• _GOAL OF THE EXERCISE_
Out of the material that follows, write out exactly the lines from the line with "Queen Room with" to the line with "EMERALD AND DIAMOND EARRINGS", both ends included, and no others.

-- -- --

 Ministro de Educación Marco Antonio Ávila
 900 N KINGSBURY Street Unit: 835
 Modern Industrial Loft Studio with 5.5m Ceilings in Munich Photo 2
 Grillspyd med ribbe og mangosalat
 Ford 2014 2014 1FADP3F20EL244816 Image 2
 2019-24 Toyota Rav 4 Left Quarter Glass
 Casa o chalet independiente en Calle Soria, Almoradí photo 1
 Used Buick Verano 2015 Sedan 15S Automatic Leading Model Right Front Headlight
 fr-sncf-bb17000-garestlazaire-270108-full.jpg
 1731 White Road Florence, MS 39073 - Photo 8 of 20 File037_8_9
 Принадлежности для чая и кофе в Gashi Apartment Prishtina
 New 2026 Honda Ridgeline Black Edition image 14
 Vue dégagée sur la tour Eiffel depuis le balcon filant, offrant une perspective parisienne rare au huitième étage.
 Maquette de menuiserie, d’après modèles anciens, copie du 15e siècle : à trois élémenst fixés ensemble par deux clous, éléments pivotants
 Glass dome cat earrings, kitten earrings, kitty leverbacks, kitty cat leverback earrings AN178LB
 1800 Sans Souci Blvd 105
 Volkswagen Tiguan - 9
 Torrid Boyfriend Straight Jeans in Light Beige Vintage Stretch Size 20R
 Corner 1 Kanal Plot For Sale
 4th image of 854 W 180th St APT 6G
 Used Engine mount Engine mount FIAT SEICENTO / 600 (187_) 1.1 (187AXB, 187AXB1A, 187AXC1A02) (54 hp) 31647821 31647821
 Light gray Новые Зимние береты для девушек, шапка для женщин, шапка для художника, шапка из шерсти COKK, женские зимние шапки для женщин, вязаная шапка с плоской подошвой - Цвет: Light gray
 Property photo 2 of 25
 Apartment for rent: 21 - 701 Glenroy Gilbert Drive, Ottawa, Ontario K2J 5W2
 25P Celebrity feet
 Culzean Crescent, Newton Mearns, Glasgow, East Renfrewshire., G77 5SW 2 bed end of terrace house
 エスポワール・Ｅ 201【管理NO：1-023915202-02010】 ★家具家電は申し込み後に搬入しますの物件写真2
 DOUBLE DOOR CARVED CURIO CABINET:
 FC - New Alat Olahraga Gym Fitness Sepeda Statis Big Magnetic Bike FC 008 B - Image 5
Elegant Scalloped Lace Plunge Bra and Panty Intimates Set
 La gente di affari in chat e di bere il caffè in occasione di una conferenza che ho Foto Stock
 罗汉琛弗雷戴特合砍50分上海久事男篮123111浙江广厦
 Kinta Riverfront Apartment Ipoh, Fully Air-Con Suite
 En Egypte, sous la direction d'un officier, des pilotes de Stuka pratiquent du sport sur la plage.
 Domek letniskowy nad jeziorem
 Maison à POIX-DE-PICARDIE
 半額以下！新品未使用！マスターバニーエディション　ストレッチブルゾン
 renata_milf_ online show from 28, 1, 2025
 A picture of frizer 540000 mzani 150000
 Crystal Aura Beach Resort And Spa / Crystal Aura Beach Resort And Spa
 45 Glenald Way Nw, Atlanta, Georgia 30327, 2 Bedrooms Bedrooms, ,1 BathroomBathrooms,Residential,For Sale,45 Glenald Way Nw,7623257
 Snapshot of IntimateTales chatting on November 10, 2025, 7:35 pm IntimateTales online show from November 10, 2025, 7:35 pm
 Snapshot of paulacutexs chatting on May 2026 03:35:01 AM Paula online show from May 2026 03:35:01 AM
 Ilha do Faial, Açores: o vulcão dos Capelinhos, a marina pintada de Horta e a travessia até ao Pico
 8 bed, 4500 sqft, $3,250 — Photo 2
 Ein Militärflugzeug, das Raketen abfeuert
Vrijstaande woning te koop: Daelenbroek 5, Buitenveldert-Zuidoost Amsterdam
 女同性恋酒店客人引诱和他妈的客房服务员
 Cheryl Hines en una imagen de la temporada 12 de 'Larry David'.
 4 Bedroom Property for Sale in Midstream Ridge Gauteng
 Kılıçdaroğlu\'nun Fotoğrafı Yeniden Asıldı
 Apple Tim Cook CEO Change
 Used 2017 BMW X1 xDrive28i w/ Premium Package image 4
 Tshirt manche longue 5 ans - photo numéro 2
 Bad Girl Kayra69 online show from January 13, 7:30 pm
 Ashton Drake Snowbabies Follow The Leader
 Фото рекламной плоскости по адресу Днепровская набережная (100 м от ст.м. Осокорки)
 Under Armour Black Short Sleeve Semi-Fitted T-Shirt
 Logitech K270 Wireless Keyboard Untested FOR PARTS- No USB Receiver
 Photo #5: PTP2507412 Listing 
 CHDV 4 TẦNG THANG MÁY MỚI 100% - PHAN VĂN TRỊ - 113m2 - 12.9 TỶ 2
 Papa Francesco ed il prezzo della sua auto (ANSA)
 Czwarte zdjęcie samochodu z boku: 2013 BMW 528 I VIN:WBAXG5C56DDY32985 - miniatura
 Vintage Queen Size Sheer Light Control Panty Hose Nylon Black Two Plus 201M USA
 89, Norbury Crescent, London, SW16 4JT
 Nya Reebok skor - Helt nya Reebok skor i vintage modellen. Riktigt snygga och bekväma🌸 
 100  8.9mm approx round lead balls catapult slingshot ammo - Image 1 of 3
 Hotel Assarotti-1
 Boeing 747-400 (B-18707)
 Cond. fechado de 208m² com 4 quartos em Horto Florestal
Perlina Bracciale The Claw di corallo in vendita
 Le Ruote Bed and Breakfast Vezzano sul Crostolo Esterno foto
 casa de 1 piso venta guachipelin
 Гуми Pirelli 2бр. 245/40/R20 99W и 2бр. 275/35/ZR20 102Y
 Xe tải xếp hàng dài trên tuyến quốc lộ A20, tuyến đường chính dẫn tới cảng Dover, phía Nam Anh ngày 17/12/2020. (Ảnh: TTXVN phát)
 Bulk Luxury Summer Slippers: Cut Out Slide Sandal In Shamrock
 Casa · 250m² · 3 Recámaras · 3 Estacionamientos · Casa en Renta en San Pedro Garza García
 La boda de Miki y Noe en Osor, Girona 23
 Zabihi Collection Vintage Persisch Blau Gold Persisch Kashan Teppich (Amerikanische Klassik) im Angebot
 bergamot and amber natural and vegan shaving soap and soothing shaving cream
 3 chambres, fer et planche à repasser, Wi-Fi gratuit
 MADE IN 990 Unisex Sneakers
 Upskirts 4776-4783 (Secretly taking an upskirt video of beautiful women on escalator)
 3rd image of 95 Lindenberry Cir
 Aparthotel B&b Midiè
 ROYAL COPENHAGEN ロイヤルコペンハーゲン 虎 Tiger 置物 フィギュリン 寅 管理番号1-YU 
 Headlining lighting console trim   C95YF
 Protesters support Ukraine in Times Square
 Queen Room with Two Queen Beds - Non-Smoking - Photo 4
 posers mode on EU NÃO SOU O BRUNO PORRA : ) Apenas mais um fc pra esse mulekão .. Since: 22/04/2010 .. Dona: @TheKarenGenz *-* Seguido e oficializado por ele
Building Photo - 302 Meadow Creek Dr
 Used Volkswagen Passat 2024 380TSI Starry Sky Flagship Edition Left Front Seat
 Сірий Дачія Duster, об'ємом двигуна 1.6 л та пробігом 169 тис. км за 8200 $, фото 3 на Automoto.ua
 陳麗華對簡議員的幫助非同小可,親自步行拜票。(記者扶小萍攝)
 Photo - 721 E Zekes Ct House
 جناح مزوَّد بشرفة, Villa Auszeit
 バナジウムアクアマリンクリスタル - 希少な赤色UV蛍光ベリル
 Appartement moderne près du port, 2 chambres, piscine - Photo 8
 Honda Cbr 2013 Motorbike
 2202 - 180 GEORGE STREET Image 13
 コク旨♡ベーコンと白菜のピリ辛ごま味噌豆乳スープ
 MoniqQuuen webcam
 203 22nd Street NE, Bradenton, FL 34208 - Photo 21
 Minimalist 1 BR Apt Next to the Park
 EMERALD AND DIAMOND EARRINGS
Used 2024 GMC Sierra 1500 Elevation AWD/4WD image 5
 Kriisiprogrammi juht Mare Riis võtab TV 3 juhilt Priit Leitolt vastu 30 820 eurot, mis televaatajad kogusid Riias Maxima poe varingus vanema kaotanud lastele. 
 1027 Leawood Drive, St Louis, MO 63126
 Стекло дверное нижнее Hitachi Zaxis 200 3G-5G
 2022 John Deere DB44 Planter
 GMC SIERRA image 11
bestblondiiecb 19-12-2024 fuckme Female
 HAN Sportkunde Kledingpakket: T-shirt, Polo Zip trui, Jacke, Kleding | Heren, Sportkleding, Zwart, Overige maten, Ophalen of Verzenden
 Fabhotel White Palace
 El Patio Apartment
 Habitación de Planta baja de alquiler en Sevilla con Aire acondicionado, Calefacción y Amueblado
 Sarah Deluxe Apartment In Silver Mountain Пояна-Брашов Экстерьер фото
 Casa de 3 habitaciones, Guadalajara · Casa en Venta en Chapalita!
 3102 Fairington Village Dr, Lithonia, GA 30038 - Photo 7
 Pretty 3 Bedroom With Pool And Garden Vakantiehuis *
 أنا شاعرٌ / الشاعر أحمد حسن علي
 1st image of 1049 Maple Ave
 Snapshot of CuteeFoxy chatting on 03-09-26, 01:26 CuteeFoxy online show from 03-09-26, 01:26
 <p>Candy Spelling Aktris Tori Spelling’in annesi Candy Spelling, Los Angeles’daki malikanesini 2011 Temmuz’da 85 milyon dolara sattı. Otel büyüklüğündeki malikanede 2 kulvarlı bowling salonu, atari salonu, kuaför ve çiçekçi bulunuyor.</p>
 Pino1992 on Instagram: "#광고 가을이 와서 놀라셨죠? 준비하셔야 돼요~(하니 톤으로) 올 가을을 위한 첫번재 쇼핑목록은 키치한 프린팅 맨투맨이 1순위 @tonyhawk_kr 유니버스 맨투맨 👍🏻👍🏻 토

-- -- --

• _EXERCISE ANSWER_
 Queen Room with Two Queen Beds - Non-Smoking - Photo 4
 posers mode on EU NÃO SOU O BRUNO PORRA : ) Apenas mais um fc pra esse mulekão .. Since: 22/04/2010 .. Dona: @TheKarenGenz *-* Seguido e oficializado por ele
Building Photo - 302 Meadow Creek Dr
 Used Volkswagen Passat 2024 380TSI Starry Sky Flagship Edition Left Front Seat
 Сірий Дачія Duster, об'ємом двигуна 1.6 л та пробігом 169 тис. км за 8200 $, фото 3 на Automoto.ua
 陳麗華對簡議員的幫助非同小可,親自步行拜票。(記者扶小萍攝)
 Photo - 721 E Zekes Ct House
 جناح مزوَّد بشرفة, Villa Auszeit
 バナジウムアクアマリンクリスタル - 希少な赤色UV蛍光ベリル
 Appartement moderne près du port, 2 chambres, piscine - Photo 8
 Honda Cbr 2013 Motorbike
 2202 - 180 GEORGE STREET Image 13
 コク旨♡ベーコンと白菜のピリ辛ごま味噌豆乳スープ
 MoniqQuuen webcam
 203 22nd Street NE, Bradenton, FL 34208 - Photo 21
 Minimalist 1 BR Apt Next to the Park
 EMERALD AND DIAMOND EARRINGS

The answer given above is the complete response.